Sarah Cohen, ’22, Awarded Ernst Freund Fellowship in Law and Philosophy
Sarah Cohen, ’22, has been awarded the Ernst Freund Fellowship in Law and Philosophy to study the moral and political questions surrounding the Title IX proceedings used by many universities and colleges to adjudicate allegations of campus sexual assault. The disciplinary systems evolved from Title IX of the Education Amendments of 1972, which prohibits gender-based discrimination in federally funded schools, and the tribunals at their center are often criticized as unfair by both accusers and the accused.
“The system in its current form is relatively new, and it has received a lot of media attention and scrutiny in the last few years with the growing awareness of campus sexual violence and the rise of the #MeToo movement,” said Cohen, who studied philosophy as an undergraduate at Yale and is the sixth recipient of the prize. “The bad news for everybody involved is that no one is really happy with this system.”
The $5,000 award is given each year to either a law student or a graduate student in philosophy. The fellowship, designed to encourage advanced law and philosophy scholarship among graduate students, was established in 2016 after Professor Martha C. Nussbaum, the Ernst Freund Distinguished Service Professor of Law and Ethics, donated a portion of the proceeds from her Kyoto Prize to the Law School and the University’s Department of Philosophy.
Through her project, Cohen seeks to create a normative theory of Title IX—an amendment to the Civil Rights Act of 1964 that originally applied mostly to athletic opportunities—that would provide a template for answering the most pressing questions raised by the current approach and enable a reimagining of the system.
“What we basically have right now are campus administrators who are serving as fact-finders and judges. [They are] applying this body of federal civil rights law, as articulated by a regulatory agency, to private disputes among private parties to adjudicate ... claims of criminal conduct,” said Cohen, who has worked as a research assistant to Nussbaum and to Brian Leiter, the Karl N. Llewellyn Professor of Jurisprudence. “It’s a mishmash of different existing areas of law, and understandably this has created a lot of confusion about basic procedural questions, such as: What due process rights should the accused have? What's the standard of proof? What rules of evidence should apply?”

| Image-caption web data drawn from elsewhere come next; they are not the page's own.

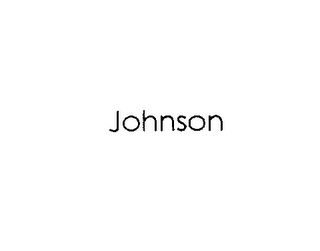 JOHNSON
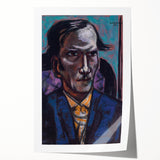 Max Beckmann’s Portrait of Fred Conway - Bold Modern Wall Art Print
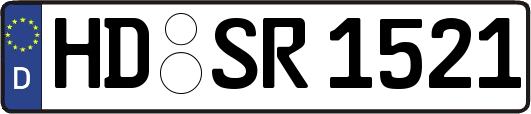 HD-SR1521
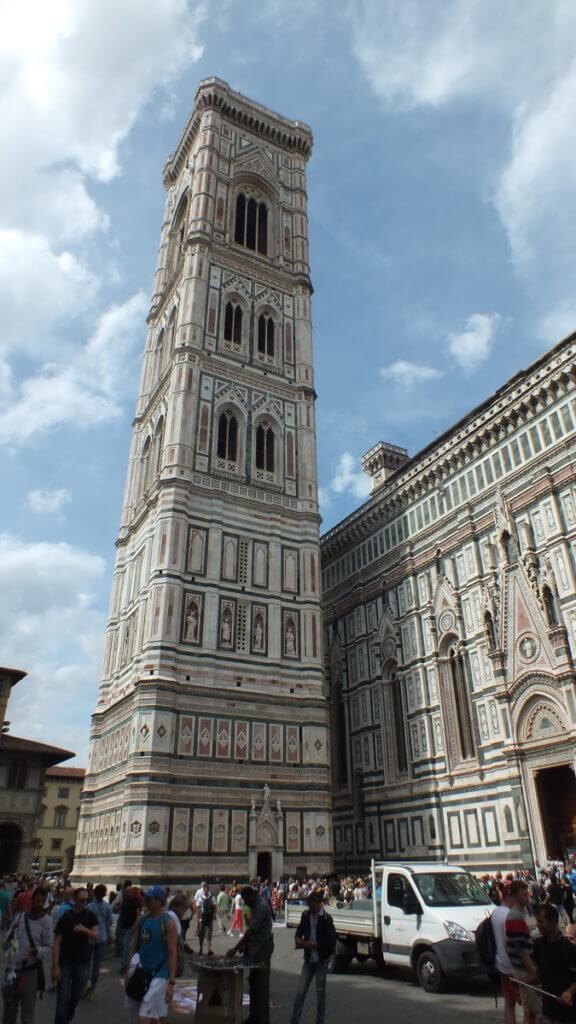 giotto's campanile, florence, italy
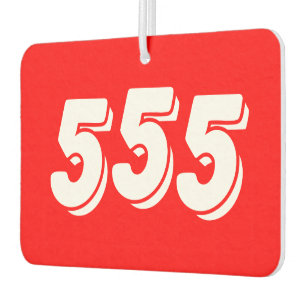 555 AIR FRESHENER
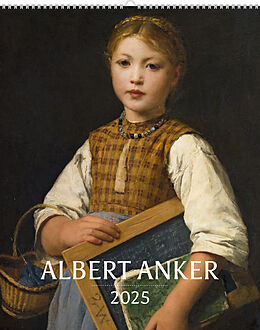 Kalender Kalender Albert Anker 2025 von 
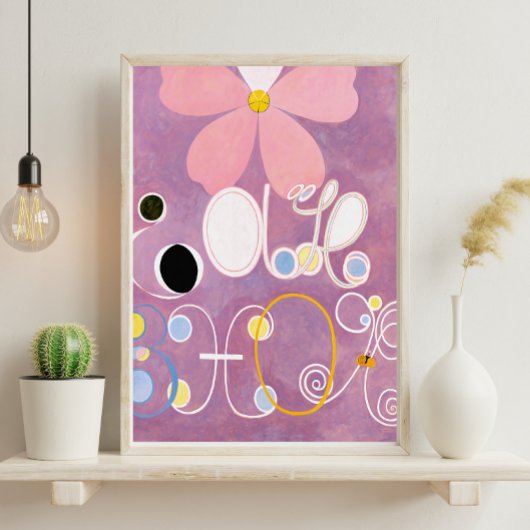 Klint - The Ten Largest No. 5 – 成人期， 1907 ポスター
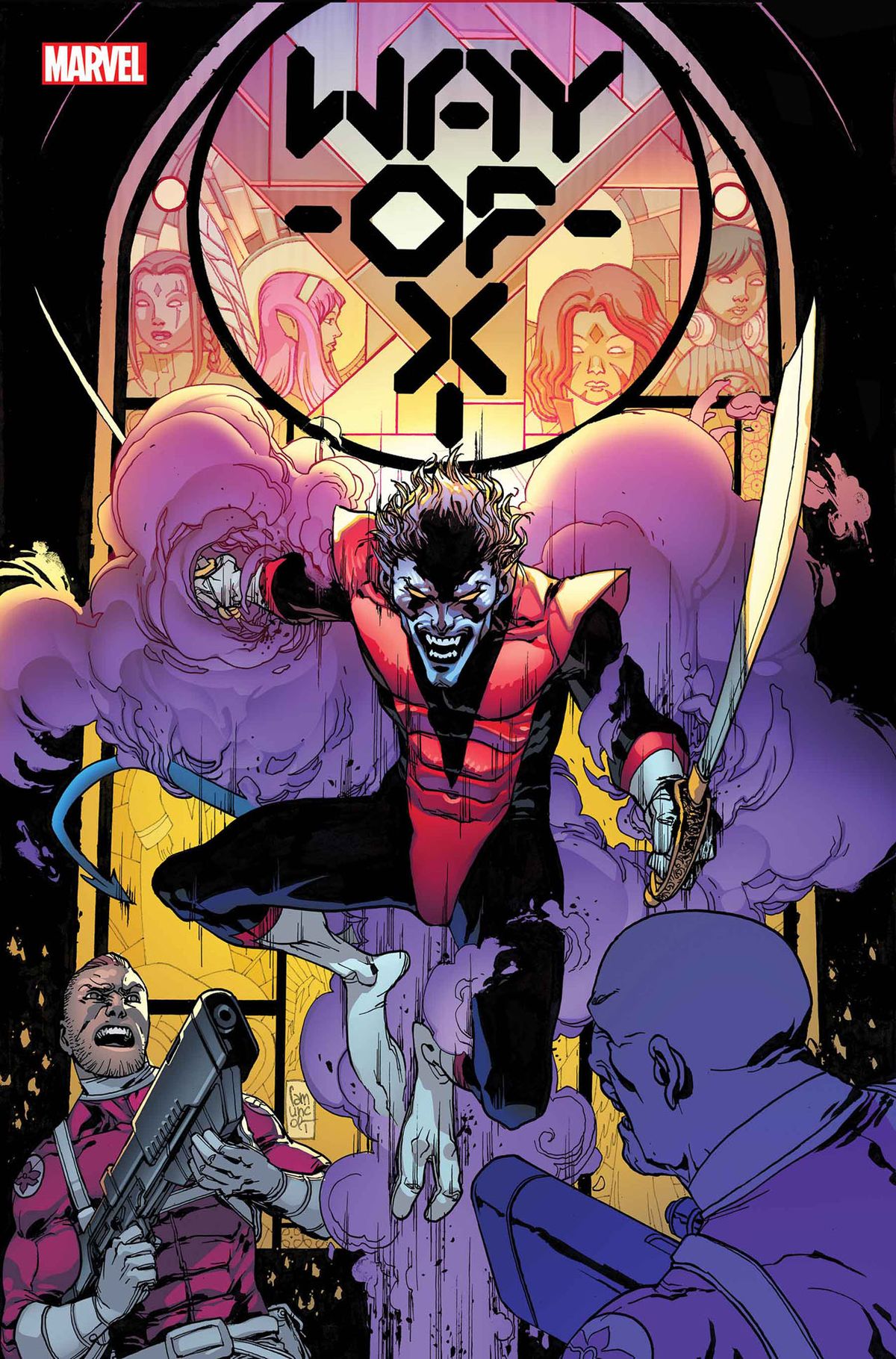 Marvel Comics April 2021 solicitations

Cohen will explore two areas of literature: philosophical approaches to criminal law and private law, which she hopes “will provide a template for thinking about how distinct legal forms serve distinct kinds of justice,” and feminist political philosophy, which “will help me think about the unique purpose of having an institution that is designed specifically to address sex- and gender-based harms,” she said.
By studying the legal issue through a philosophical lens and asking the broader questions, including about the tribunals’ purpose and mission, Cohen said she hopes to develop a clearer guide for resolving specific questions.
“Then we can start to figure out how to design the institution that best fulfills its social purpose,” Cohen said.
As Nussbaum’s research assistant last summer, Cohen did research on new trans feminist scholarship for a piece that Nussbaum was writing on Crossing, the famous 1999 autobiography of transgender economist Deirdre McCloskey, for a volume in McCloskey's honor.
“I knew what a wonderful and interesting philosopher she was because she showed great discernment in which philosophers were worth citing and … were really saying something interesting,” Nussbaum said. “It was a really a great working experience, even though it was all by Zoom.”
Leiter said he first had Cohen in class last spring, when she distinguished herself in his Jurisprudence class by “the quality of the questions she would ask.”
“Despite the [fully online] format, I knew I could always count on Sarah to come forward with an important question … that helped me think about the issues and that I think actually advanced the understanding for everybody in the class,” he said.
The fellowship is named for Ernst Freund, an intellectual architect of the University of Chicago Law School, who believed that interdisciplinary cooperation between lawyers and philosophers was essential to address pressing social problems. When the fellowship was being configured several years ago, Professor Gabriel Richardson Lear, then the chair of the Department of Philosophy, suggested that the best way to incentivize deeper learning in both disciplines was to offer the prize for proposed research rather than a finished paper.
Past recipients have included Jared Mayer, ’21, who won in 2020; Laurenz Ramsauer, a PhD candidate in the Department of Philosophy, who won in 2019; Faith Laken, ’20, who won in 2018; and the inaugural recipients, Taylor Coles, JD ’18, a PhD candidate at the University of Pittsburgh, and Molly Brown, a PhD candidate in the University of Chicago’s Department of Philosophy.
Cohen said she’s eager to see where her research leads her over the next year.
“I don't exactly know where my thinking is going to end up on these issues,” she said, “which is why I'm incredibly grateful to have the institutional support and the encouragement to take risks and spend time thinking seriously about these big and important questions.”